Lithium is able to minimize olanzapine oxidative-inflammatory induction on macrophage cells

Abstract

Background: Olanzapine (OLZ) is a second-generation antipsychotic drug used for treatment of schizophrenia, bipolar disorder, and other neuropsychiatric conditions. Undesirable side effects of OLZ include metabolic alterations associated with chronic oxidative-inflammation events. It is possible that lithium (Li), a mood modulator that exhibits anti-inflammatory properties may attenuate OLZ-induced oxi-inflammatory effects.

Methodology: To test this hypothesis we activated RAW 264.7 immortalized macrophages with OLZ and evaluated oxidation and inflammation at the gene and protein levels. Li and OLZ concentrations were determined using estimated plasma therapeutic concentrations.

Results: OLZ triggered a significant increase in macrophage proliferation at 72 h. Higher levels of oxidative markers and proinflammatory cytokines, such as TNF-α, IL-1β, and IL-6, with a concomitant reduction in IL-10, were observed in OLZ-exposed macrophages. Lithium (Li) exposure triggered a short and attenuated inflammatory response demonstrated by elevation of superoxide anion (SA), reactive oxygen species (ROS), IL-1β, and cellular proliferation followed by elevation of anti-inflammatory IL-10 levels. Li treatment of OLZ-supplemented macrophages was able to reverse elevation of oxidative and inflammatory markers and increase IL-10 levels.

Conclusions: Despite methodological limitations related to in vitro protocols, results suggested that Li may attenuate OLZ-induced oxidative and inflammatory responses that result from metabolic side effects associated with OLZ.

Fig 1. Effect on RAW macrophages cellular proliferation in 72 h cultures e cellular of OLZ (OLZ) at different concentrations.

C = non-treated cells; PHA = cells activated by phytohemaglutin antigen exposure. Treatments were compared using one-way analysis of variance (ANOVA), followed by the Tukey post hoc test. Different letters (i.e., A, B, C, D, E, F) indicated significant statistical differences among treatments at p < 0.05. Treatments with A letter were considered with values similar to C group.

Fig 2. Comparison of cell cycle determined by flow cytometry analysis among RAW macrophages 72 h cultures exposed OLZ (OLZ) at 0.03 μg/mL concentration and to phytohaemagglutinin (PHA), an natural antigen that trigger inflammatory macrophages activation.

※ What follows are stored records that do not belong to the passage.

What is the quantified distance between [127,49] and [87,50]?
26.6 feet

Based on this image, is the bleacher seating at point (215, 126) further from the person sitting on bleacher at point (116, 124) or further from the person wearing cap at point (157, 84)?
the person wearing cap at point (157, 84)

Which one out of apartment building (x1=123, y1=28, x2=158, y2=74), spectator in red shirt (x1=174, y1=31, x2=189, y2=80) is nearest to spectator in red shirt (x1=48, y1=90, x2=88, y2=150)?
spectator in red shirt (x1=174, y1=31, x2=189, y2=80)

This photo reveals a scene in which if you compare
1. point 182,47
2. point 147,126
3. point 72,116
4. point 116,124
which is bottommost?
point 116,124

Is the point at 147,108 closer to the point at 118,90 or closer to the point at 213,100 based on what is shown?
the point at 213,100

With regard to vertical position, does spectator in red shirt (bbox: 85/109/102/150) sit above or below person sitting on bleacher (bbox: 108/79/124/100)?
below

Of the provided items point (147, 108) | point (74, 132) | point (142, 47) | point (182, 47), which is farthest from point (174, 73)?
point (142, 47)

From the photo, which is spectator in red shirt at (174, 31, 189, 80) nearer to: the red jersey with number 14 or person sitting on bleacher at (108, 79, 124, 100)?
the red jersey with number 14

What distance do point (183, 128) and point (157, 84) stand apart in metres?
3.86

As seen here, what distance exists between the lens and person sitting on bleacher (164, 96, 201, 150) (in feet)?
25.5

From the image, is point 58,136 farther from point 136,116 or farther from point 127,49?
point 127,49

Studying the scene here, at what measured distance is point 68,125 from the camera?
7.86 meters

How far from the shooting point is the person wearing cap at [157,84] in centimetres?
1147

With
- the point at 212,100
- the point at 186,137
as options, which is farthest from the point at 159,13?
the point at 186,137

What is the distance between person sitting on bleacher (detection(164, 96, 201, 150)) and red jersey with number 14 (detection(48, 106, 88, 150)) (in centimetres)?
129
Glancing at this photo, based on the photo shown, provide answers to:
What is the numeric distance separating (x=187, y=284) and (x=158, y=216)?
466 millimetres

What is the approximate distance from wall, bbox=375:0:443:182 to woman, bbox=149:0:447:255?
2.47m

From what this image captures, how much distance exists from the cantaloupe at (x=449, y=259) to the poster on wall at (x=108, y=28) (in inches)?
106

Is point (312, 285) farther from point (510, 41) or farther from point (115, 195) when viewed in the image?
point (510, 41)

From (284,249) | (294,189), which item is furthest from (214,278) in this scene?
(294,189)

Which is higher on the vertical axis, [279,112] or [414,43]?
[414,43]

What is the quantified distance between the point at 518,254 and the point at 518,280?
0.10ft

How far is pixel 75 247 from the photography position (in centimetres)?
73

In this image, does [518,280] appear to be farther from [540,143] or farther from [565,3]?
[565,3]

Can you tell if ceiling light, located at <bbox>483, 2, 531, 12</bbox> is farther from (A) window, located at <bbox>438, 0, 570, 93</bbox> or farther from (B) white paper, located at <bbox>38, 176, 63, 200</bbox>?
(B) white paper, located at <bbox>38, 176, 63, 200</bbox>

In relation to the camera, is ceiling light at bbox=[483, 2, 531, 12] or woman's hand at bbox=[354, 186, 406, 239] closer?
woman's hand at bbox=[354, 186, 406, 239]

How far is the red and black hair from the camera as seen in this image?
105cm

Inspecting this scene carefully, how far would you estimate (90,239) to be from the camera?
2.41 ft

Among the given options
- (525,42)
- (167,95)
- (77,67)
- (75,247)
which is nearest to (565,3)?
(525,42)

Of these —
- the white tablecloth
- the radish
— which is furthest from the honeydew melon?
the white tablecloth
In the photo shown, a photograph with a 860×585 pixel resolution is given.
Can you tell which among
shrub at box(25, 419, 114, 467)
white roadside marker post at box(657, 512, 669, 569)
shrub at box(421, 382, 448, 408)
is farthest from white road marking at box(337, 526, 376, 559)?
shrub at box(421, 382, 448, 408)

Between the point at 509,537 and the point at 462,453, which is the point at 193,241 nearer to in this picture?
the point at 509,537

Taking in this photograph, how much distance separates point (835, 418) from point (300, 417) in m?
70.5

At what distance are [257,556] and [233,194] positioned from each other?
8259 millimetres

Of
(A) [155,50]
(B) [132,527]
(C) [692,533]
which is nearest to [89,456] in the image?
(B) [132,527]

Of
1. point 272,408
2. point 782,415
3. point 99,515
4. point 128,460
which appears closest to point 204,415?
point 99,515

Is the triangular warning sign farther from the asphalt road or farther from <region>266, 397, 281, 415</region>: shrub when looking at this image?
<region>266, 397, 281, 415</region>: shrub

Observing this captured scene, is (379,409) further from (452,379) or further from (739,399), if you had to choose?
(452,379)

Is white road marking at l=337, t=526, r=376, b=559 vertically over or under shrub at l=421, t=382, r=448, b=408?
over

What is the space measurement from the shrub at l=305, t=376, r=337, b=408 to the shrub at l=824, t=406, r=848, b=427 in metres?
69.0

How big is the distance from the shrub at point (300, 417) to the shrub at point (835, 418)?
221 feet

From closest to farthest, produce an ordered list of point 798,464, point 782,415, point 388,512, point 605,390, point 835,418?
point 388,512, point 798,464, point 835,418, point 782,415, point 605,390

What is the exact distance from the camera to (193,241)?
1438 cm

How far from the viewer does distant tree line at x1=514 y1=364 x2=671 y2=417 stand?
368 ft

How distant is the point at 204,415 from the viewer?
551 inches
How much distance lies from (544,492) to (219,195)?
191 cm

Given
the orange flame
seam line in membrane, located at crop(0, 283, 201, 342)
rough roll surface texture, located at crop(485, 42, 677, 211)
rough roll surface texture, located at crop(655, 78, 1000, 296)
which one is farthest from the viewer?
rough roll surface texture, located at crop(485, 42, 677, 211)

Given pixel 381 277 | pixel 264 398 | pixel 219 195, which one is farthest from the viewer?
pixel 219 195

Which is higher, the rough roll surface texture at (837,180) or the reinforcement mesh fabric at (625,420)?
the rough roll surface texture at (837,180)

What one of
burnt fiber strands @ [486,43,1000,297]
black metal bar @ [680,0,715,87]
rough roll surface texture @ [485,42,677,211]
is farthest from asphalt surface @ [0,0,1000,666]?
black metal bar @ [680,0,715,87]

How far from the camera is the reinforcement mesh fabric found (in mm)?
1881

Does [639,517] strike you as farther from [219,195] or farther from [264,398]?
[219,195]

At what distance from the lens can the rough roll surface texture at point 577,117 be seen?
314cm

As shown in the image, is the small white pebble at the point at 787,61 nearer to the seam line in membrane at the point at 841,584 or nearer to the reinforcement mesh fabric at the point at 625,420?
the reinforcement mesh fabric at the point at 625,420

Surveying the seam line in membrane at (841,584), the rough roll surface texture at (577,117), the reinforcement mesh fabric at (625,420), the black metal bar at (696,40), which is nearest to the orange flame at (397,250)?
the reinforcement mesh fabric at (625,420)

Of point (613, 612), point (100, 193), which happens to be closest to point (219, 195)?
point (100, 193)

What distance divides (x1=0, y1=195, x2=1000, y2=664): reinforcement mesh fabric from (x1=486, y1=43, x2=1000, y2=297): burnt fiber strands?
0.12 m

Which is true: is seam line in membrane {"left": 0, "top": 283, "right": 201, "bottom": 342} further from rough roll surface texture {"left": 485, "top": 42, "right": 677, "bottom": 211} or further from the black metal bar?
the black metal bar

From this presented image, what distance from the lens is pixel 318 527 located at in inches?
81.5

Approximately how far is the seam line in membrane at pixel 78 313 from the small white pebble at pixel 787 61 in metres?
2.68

(A) Representative graphics with cell phases: (G0/G1 = gap 1; S = synthesis; G2/M = gap2 and mitosis). (B) % of cells the control in at each stage (G0/G1 = gap 1; S = synthesis; G2/M = gap2 and mitosis) of the cell cycle compared by One-way analysis of variance (ANOVA), followed by the Tukey post hoc test. The different letters (i.e., A, B, C, D, E, F) indicate statistical differences in each treatment at p < 0.05. (C) Monolayer culture pattern of RAW macrophages microscopic optic analysis (×40, scale bar = 20 μm) in control (C) cells and cells exposed to OLZ and PHA. No-activated C-cells presented higher frequency of spheric cells typical of monocytes. Cells PHA and OLZ exposed presenting a macrophage spreading pattern that is observed in inflammatory-activated cells.

Fig 3

Interaction between OLZ (0.03 μg/mL) and Li (0.7 mEq/L) on proliferation (A) and modulation of oxidative markers superoxide anion (SA), reactive oxygen species (ROS), and nitric oxide (NO) (B). Treatments were compared by one-way analysis of variance (ANOVA), followed by the Tukey post hoc test. The different letters (i.e., A, B, C, D) indicate statistical differences in each treatment at p < 0.05. Treatments identified with A-letter were statistically s imilar to untreated-cells group (C).

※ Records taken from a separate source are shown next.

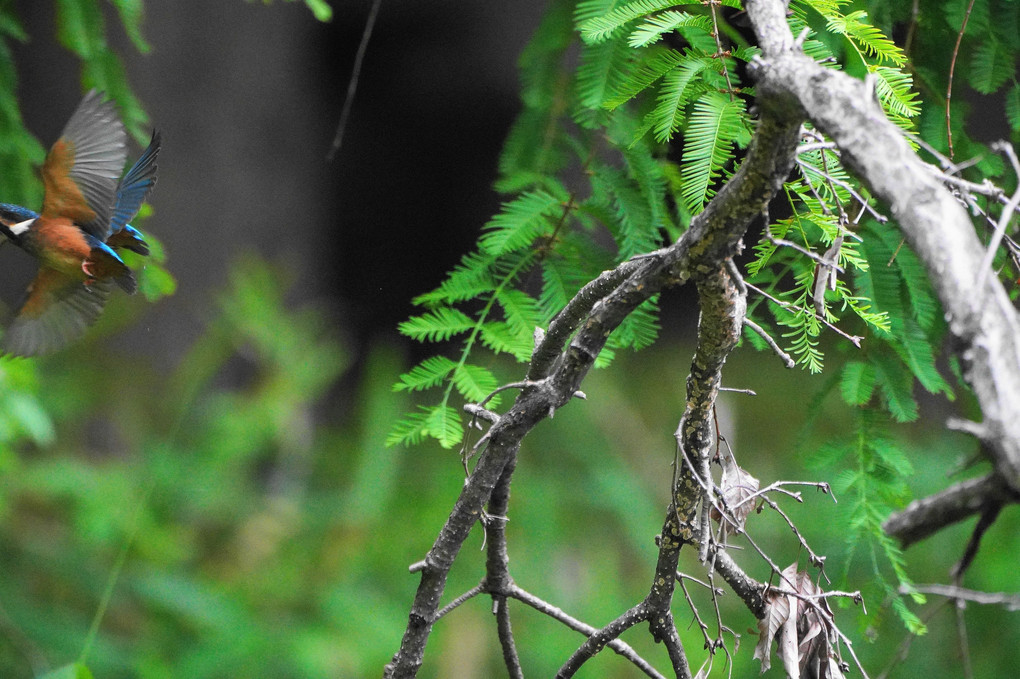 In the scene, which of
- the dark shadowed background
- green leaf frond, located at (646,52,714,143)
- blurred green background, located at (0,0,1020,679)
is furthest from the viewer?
the dark shadowed background

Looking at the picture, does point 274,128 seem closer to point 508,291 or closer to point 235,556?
point 235,556

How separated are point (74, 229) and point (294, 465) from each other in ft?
5.45

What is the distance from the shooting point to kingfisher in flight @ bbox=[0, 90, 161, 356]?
1.93 ft

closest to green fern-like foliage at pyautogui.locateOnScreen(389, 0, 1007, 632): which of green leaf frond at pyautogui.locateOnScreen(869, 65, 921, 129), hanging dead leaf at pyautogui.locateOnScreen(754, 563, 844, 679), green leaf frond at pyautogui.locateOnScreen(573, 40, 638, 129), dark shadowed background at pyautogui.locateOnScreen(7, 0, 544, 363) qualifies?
green leaf frond at pyautogui.locateOnScreen(573, 40, 638, 129)

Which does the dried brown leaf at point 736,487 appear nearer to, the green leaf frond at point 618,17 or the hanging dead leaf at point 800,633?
the hanging dead leaf at point 800,633

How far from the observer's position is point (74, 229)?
59 centimetres

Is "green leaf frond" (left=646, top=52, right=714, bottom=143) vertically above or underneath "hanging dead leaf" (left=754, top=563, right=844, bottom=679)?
above

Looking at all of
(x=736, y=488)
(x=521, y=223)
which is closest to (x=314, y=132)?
(x=521, y=223)

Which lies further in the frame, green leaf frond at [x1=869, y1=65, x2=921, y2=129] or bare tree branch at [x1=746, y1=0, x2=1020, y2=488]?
Result: green leaf frond at [x1=869, y1=65, x2=921, y2=129]

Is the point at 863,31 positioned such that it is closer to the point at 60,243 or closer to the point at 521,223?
the point at 521,223

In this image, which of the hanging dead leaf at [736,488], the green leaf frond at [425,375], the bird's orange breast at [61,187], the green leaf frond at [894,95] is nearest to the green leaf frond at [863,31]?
the green leaf frond at [894,95]

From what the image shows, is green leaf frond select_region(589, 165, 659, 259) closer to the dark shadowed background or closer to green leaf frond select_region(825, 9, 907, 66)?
green leaf frond select_region(825, 9, 907, 66)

Fig 4. Modulation of protein and gene expression cytokines (IL-1β, IL-6, TNFα, IL-10) involved with inflammatory response of RAW macrophages exposed to OLZ (OLZ, 0.03 μg/mL) and Li (Li, and 0.7 mEq/L).

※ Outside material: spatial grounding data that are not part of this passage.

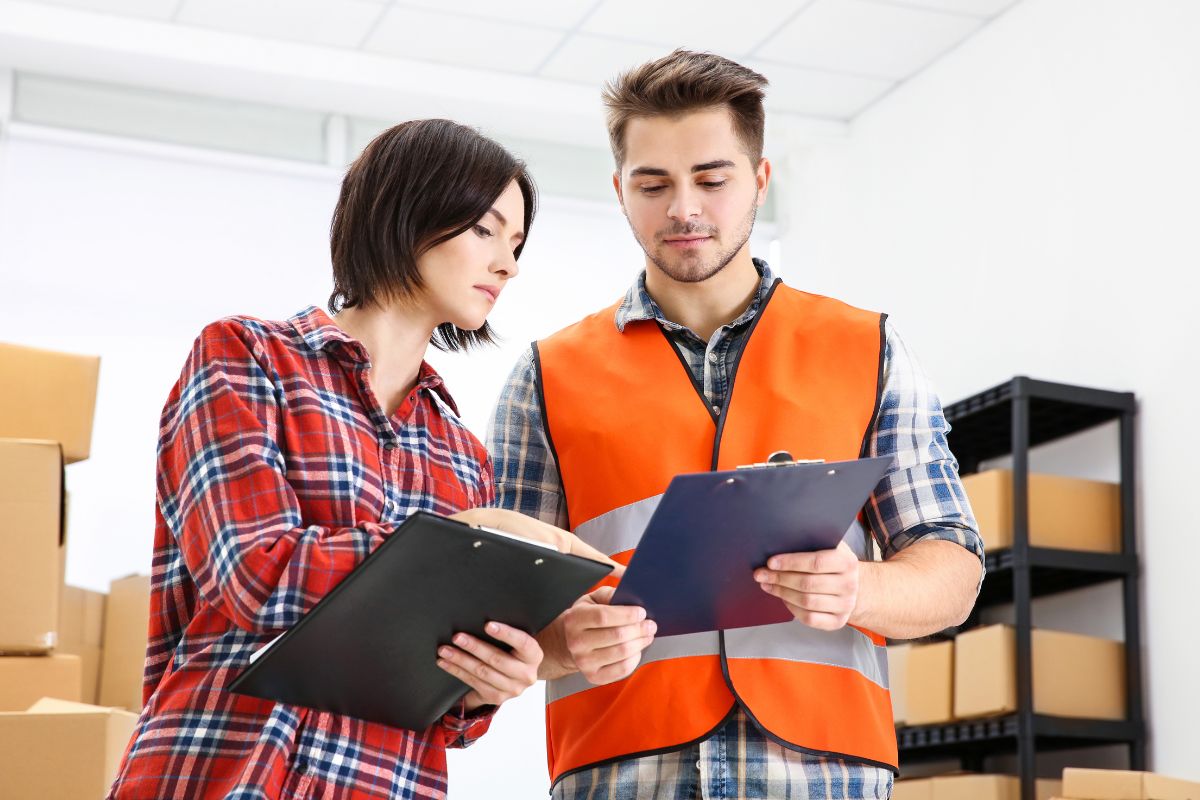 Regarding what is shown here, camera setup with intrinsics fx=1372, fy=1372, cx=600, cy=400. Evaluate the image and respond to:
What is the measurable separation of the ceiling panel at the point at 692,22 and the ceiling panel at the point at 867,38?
0.28 ft

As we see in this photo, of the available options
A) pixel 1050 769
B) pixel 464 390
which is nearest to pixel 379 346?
pixel 1050 769

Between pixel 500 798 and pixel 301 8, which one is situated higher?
pixel 301 8

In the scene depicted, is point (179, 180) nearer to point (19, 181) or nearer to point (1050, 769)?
point (19, 181)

Treatments were compared by one-way analysis of variance (ANOVA), followed by the Tukey post hoc test. The different letters (i.e., A, B, C, D) indicate statistical differences in each treatment at p < 0.05. Treatments with A letter were considered with values similar to C untreated-cells group. Gene expression of each cytokine in each treatment is represented by colored squares (black = gene expression similar to C-group; green square = gene overexpression ≥ 1.2 < 10 times than C-group; yellow square = gene overexpression ≥ 10 < 50 times than C-group; red square = gene overexpression ≥ 50 times than C-group. The beta-actin housekeeping was used as internal control to normalized gene expression analysis among treatments.